Last week the stolen data was offered on the dark web for $2,200 (£1,500) in bitcoin, the buyer has now released it publicly in a massive data dump. Though the reasons are unclear as to why the data has not been released before now, it has now been made available to the general public.
Even though LinkedIn has now prompted users to change passwords created before 2012, there are some account holders that have not yet changed their passwords. Also there is still a risk to those who reuse their passwords.
Troy Hunt, a security researcher in Australia has made it possible to easily find out if your details are at risk. On Monday, Hunt added all of the LinkedIn data to his breach notification website ‘Have I Been Pwned?’, which also contains the data for the Adobe breach in 2012. Individuals can type in their e-mail address and if there is a match on the database then they will be informed of the risk and advised to change their passwords.

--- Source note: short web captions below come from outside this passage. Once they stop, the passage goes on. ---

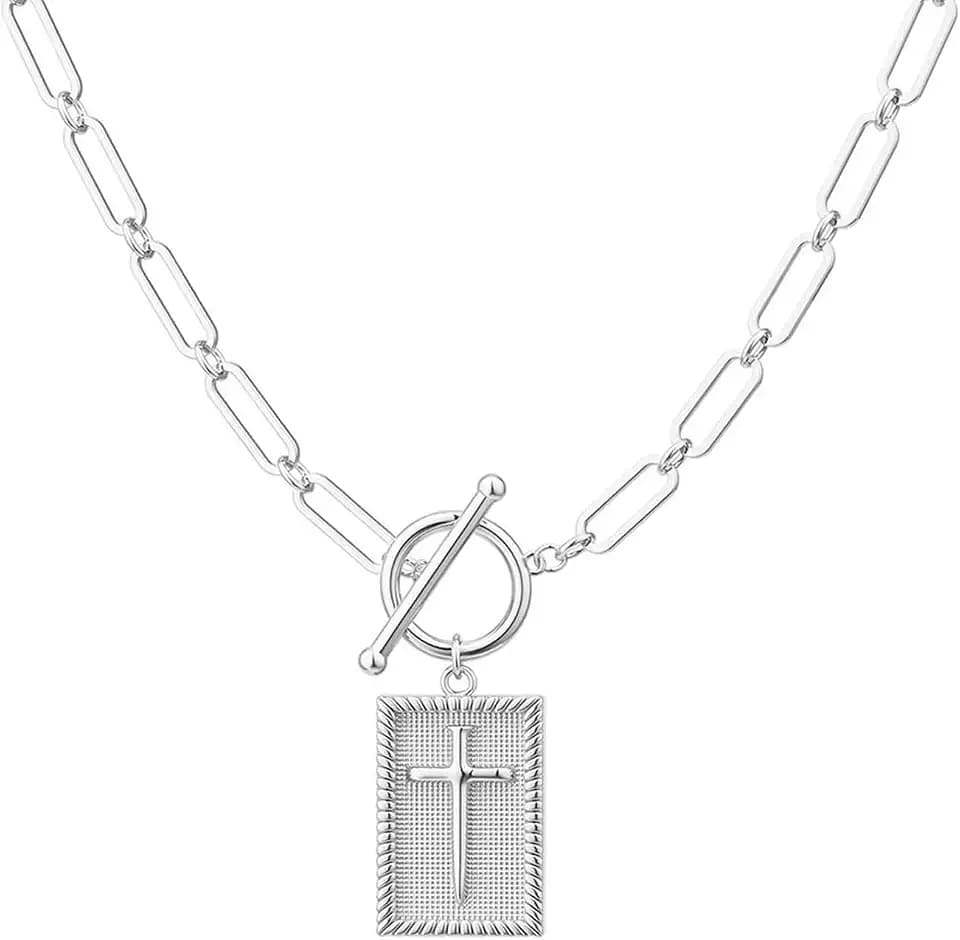 HETICA Chunky Cross Necklace for Women, Toggle Clasp Paperclip Chain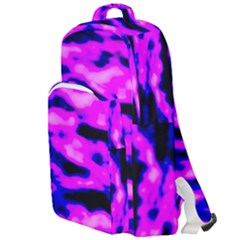 Purple  Waves Abstract Series No6 Double Compartment Backpack by DimitriosArt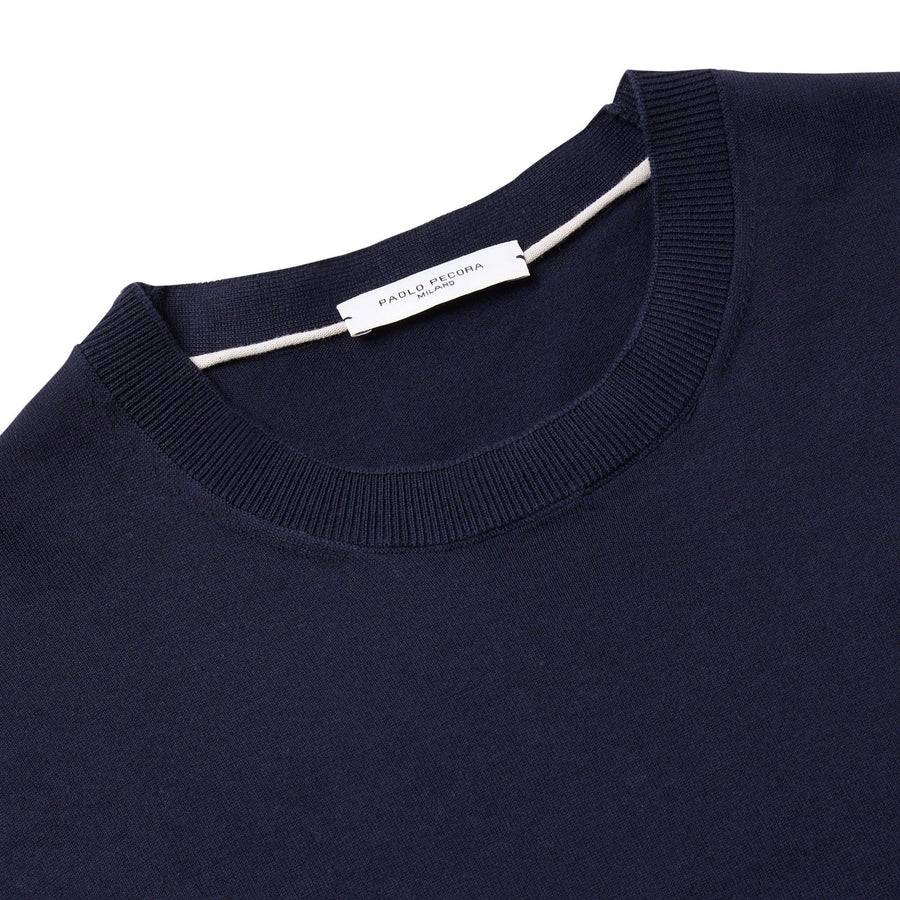 Paolo Pecora Maglia Manica Lunga in Puro Cotone Extrafine - Blu Affare Del Giorno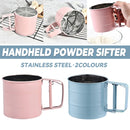Hand Squeeze Mechanical Flour Sifter Stainless Steel One Hand Baking Sieve - Pink
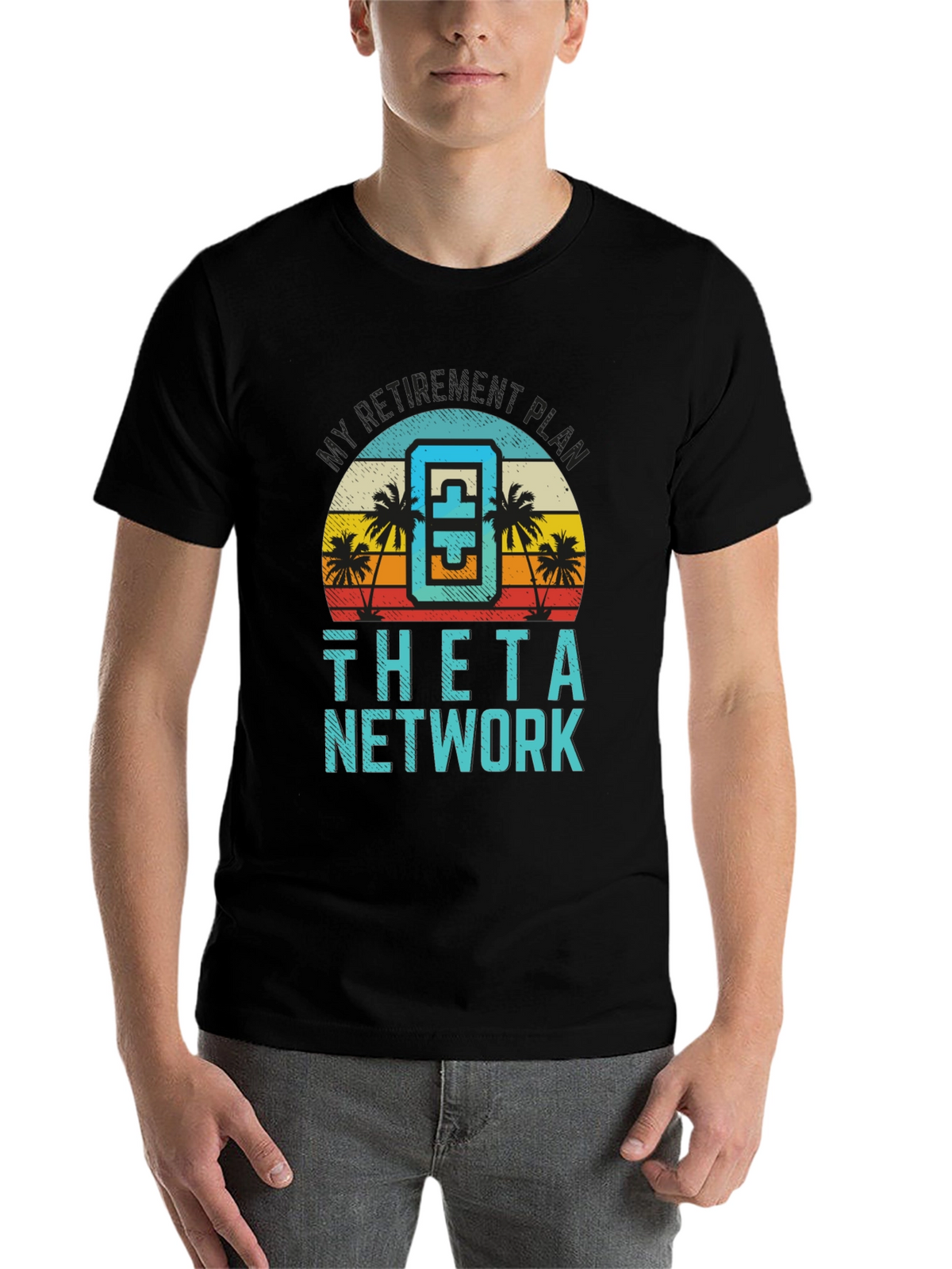 Theta Network Black T-Shirt Beach Sunset Design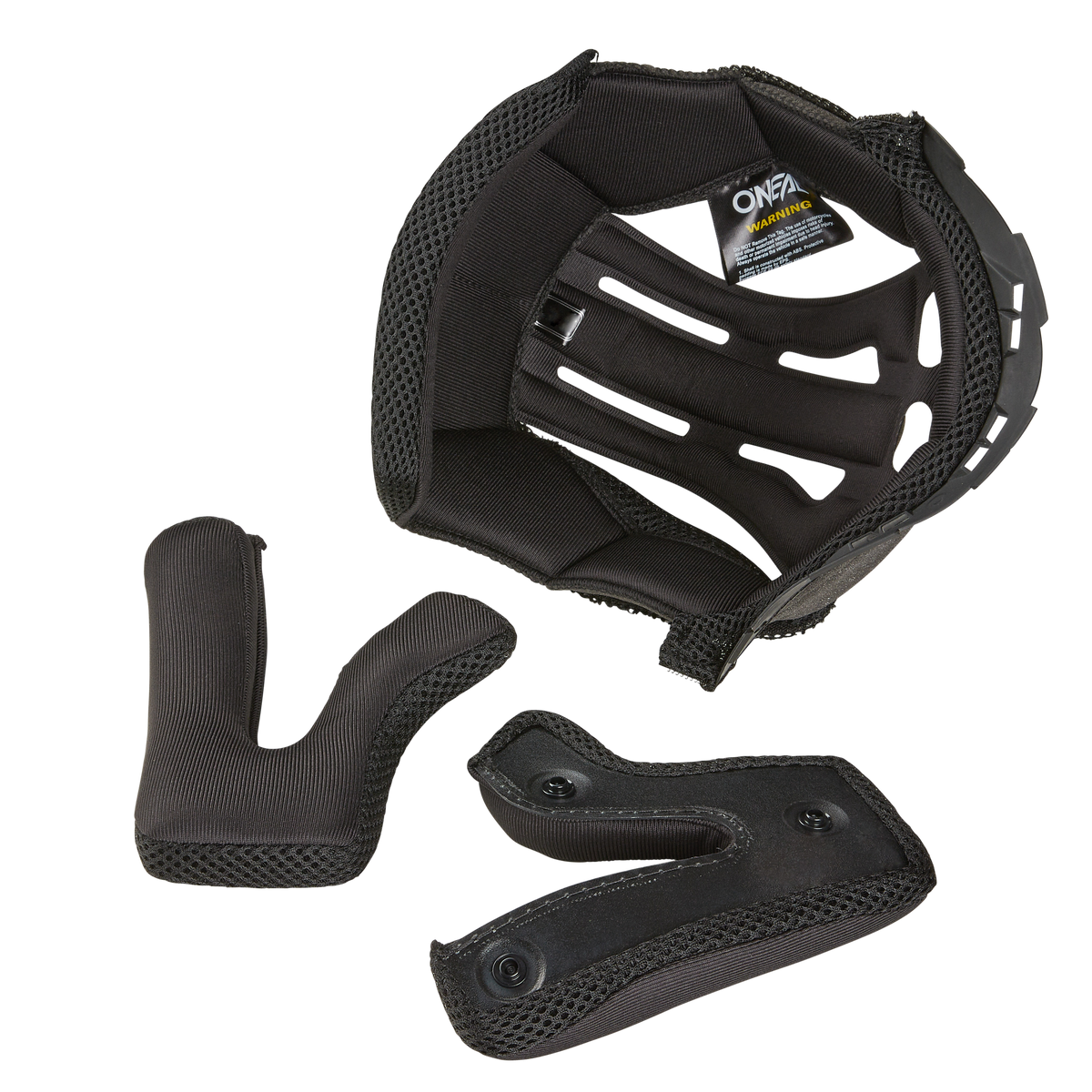 Se muestran individualmente tres insertos negros para casco O'NEAL Liner & Cheek Pads C-SRS, en los que destacan sus superficies texturizadas y los botones de presión adecuados para su uso con cascos O'NEAL.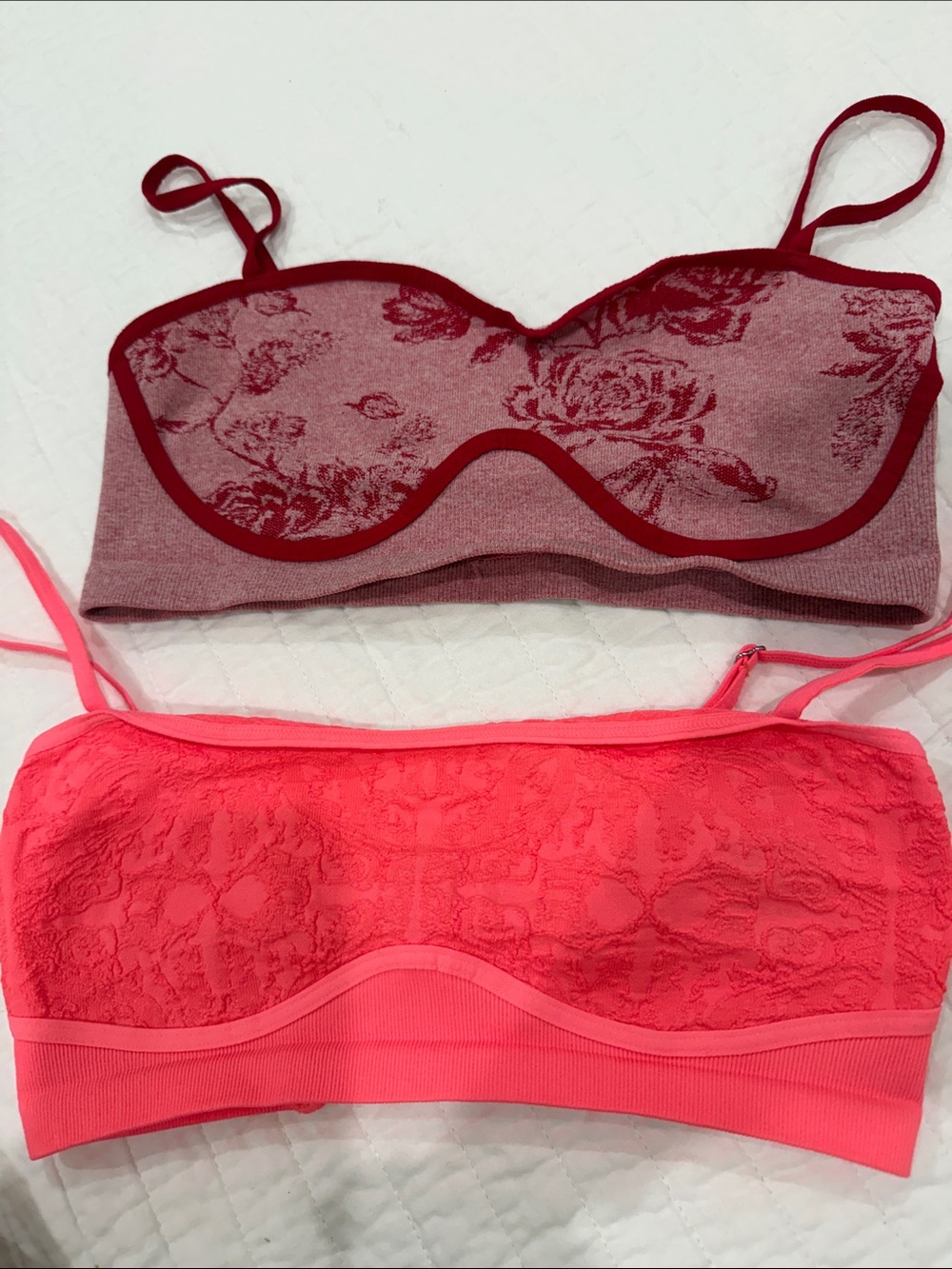 Free People Lace Bandeau Bralette Duo - Coral Pink & Burgundy - Picture 2 of 5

Keep in mind that it is not just the LinkedIn or Adobe accounts of the compromised users that could be at risk, but any other site or app in which they use the same password. It is best practice to choose passwords with a minimum of 8 characters (15 is recommended), lower and upper case with numbers and symbols. Each password should be single use, this may be seen as a significant challenge, but there are a number of password manager apps available to help keep track of multiple passwords.